La rareté de l’utilisation de la chambre de mise à l’écart est justifiée par les responsables qui estiment ces placements inutiles dès lors que la difficulté n’en sera pas résolue pour autant et privilégient les transferts au CRA de Toulouse, lesquels se révèlent également très rares.

Les recours en urgence des retenus sont, sauf dysfonctionnements constatés les week-ends, faxés sans difficulté depuis le poste lorsque la Cimade n’est pas présente. Le téléphone est prêté pour des communications internationales lorsqu’il s’agit de prévenir la famille du retour au pays.

La gestion de l’hôtellerie et de la restauration est conduite dans une même conscience de la difficulté du séjour des personnes retenues et le même souci de limiter les tensions.

Ces efforts et bonnes pratiques ne pallient pas les difficultés des personnes retenues, difficultés accentuées par les conditions matérielles d’hébergement ; leur prise en charge présente encore des points d’amélioration.

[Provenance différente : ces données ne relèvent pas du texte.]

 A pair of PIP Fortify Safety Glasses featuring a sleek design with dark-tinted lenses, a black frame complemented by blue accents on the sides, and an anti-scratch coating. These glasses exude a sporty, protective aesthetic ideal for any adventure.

L’ennui règne, évidemment, épais et persistant, sans que policiers et intervenants – les premiers à en être navrés et à en subir les effets en termes de tensions – aient les moyens d’y porter remède. Un projet, conduit entre les fonctionnaires et l’OFII, d’installation de matériel de sport dans une salle a été refusé. Les retenus indigents peinent à trouver de quoi fumer dans ce lieu où c’est, avec la télévision et le baby-foot, la seule occupation.

L’accès aux droits pourrait être amélioré : ils sont – comme partout – notifiés par les services interpellateurs et, par suite, les fonctionnaires ne sont pas très soucieux de recommencer à l’arrivée, même si les responsables se montrent sensibles à la notion d’explicitation des droits qu’ils jugent nécessaire.

Il ressort de cette visite que, quel que soit l’environnement matériel, la qualité du comportement de la hiérarchie – qui peut se communiquer à l’ensemble des équipes – est essentielle dans celle de la prise en charge ; elle engage, dans un cercle vertueux, tant l’amélioration des conditions de rétention que celle des conditions de travail. On l’a suffisamment souvent constaté négativement pour se réjouir de l’inverse.

Il en ressort également, point qui n’est pas propre au CRA de Bordeaux, la nécessité de favoriser des activités surtout physiques (vélos d’appartement, espaliers, etc.) sans que l’on puisse objecter un risque de destruction ou de « danger pour autrui et soi-même », dès lors que la vidéosurveillance est dense.